Cabe notar que el asunto tiene múltiples precedente en el Sistema Interamericano, reforzando nuestra postura. En los años setenta y ochenta, la CIDH tuvo una serie de pronunciamientos condenando como atentados a la libertad religiosa los intentos estatales de impedir a las iglesias y sus líderes religiosos realizar actividades y emitir discursos basados en sus doctrinas sociales, teológicas y políticas, y con los cuales ellas se opusieron a regímenes autoritarios en El Salvador, Guatemala, Paraguay, Cuba y Nicaragua.
De manera notable, en su informe país sobre Cuba, en 1983, la CIDH acertadamente constató que de las creencias religiosas se pueden desprender pautas voluntarias de conducta “para guiar las conductas prácticas de los creyentes en determinados momentos de la vida política de un país”.
De igual manera señaló que de las “creencias básicas pueden deducirse postulados doctrinarios que sirvan de sustento a modelos de organización económica, social y política; en tal carácter, ellos y las acciones en ellos inspiradas escapan al ámbito de la religión e ingresan al campo de la política; su protección, por tanto, es materia derivada de la vigencia de los derechos políticos” (el destacado es nuestro).
En su informe país sobre Nicaragua, en 1979, la CIDH tuvo un pronunciamiento dirigido directamente al corazón del asunto que abordamos en este ensayo, condenando idénticas prohibiciones sobre la libertad de expresión de los ministros de culto en la Constitución de 1974, las que impedían a clérigos el realizar “propaganda política” o de “criticar a las leyes del Estado, al Gobierno o a los funcionarios en particular”.
En su informe la Comisión declaró que la prohibición era una “grave limitación al ejercicio de la libertad de culto, especialmente en lo que atañe a la defensa por parte de los clérigos y sacerdotes de la observancia de los derechos humanos, que ellos consideran inherentes a su función religiosa.” (Enhorabuena, Nicaragua terminó eliminando tal prohibición de su constitución. Queda imaginar cuánto más grave sería ahí la situación de la persecución a la iglesia hoy, si es que tales prohibiciones hubieran sido consideradas válidas por la CIDH en el pasado)
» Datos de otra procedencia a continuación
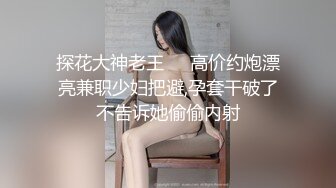 18岁小钢炮调教黑丝美腿母狗，性感的嫩逼跪舔情趣座椅上位爆草最后口暴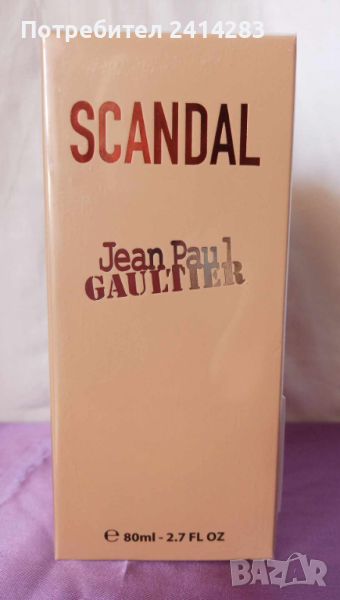 Дамски парфюм Jean Paul Gaultier Scandal 80 мл., снимка 1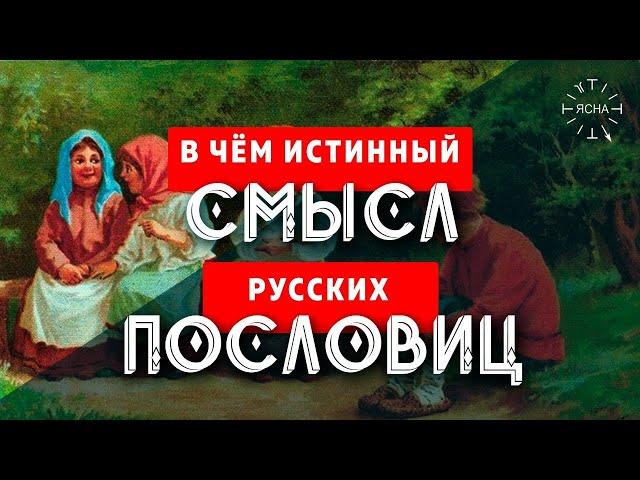 Что легло в основу народного фольклора на Руси? Скрытый смысл пословиц и поговорок!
Frente a esto, es necesario que el Estado mexicano emprenda una serie de reformas jurídicas a nivel constitucional y legal para compatibilizar su legislación con la Convención Americana y otros instrumentos internacionales relacionados con el derecho a la libertad de expresión.
Sin duda, México puede mantenerse fiel a su decisión constitucional de separación entre el Estado y las iglesias, pero con la debida observancia de sus obligaciones en materia de derechos humanos, sin encontrar en su historia y tradición una justificación que le permita violarlas impunemente. Hasta que esta prohibición del artículo 130 no desaparezca, en México se seguirá violando el derecho humano a la libertad de expresión de los mexicanos que son ministros de culto, con las consecuencias y peligros que ello conlleva.